2. Mencari Nafkah Yang Halal.
Ia tak mencari suatu nafkah kecuali hal itu halal bagi dirinya dan keluarganya. Ia berusaha menghindari nafkah yang haram kerana yang diterima Allah adalah nafkah yang halal. Kehalalan nafkah suami setidaknya harus memenuhi tiga syarat, yaitu halal kerana dzatnya memang dihalalkan oleh Allah dan Rasul-Nya, halal cara mendapatkan dan dipergunakan pada yang halal.
Suami harus berhati-hati terhadap nafkah yang haram kerana hal itu dapat mengotori niat, menghalangi diterimanya ibadah dan doa serta mengantarkan pelakunya pada kesesatan. Bahkan, nafkah yang haram tak dapat diterima meskipun ia dibelanjakan pada jalan ketaatan. Sufyan Ats Tsauri radhiyallahu’anhu berkata, “Barangsiapa yang menafkahkan hartanya yang haram dalam ketaatan, ia seperti orang yang mencuci pakaiannya yang kotor dengan air kencing.”
3. Menafkahi Dengan Yang Halal Dan Juga Baik
Dalam memenuhi nafkah keluarganya, disamping ia mencari nafkah yang halal, juga mensyaratkan nafkah tersebut adalah nafkah yang baik. Halal belum tentu baik, sedangkan baik juga belum tentu halal.
Contohnya, makanan. Gula adalah makanan yang halal, tetapi tak baik jika dikonsumsi oleh seorang yang menderita diabetes. Atau, nasi lengkap dengan lauk dan sayurnya adalah makanan yang baik, tetapi karena ia mendapatkannya dengan cara mencuri, maka makanan itu tak halal. Kerana itu, Allah memerintahkan kepada kita agar memakan makanan yang halal sekaligus baik.

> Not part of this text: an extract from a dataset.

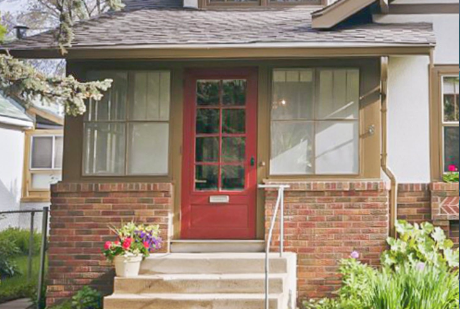 EnergyWall Window & Door image 13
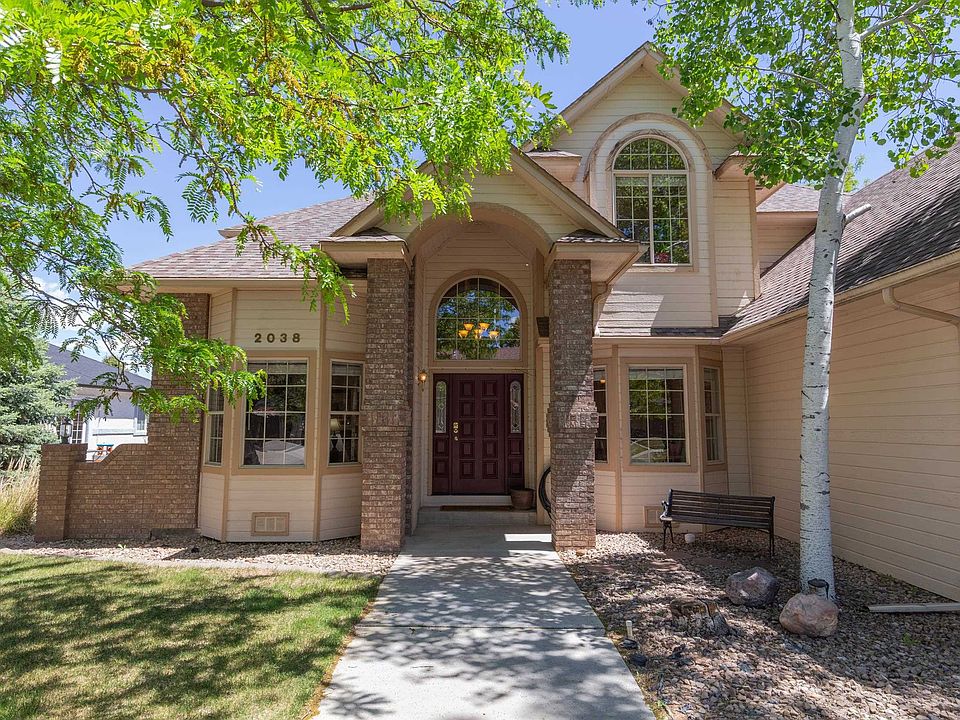 1st image of 2038 Paint Pony Ln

Nafkah yang diusahakan oleh suami dengan niat karena Allah, halal dan baik akan dipenuhi dengan keberkahan. Tubuh kita menjadi tubuh yang penuh dengan keberkahan, begitu pula rumah kita. Dengan demikian, In syaa’ Allah kebahagiaan hidup akan dirasakan oleh setiap anggota keluarga. Tak hanya kebahagiaan hidup di dunia, tetapi juga di akhirat. Aamiin
Semoga bermanfaat. Wassalamu’alaikum.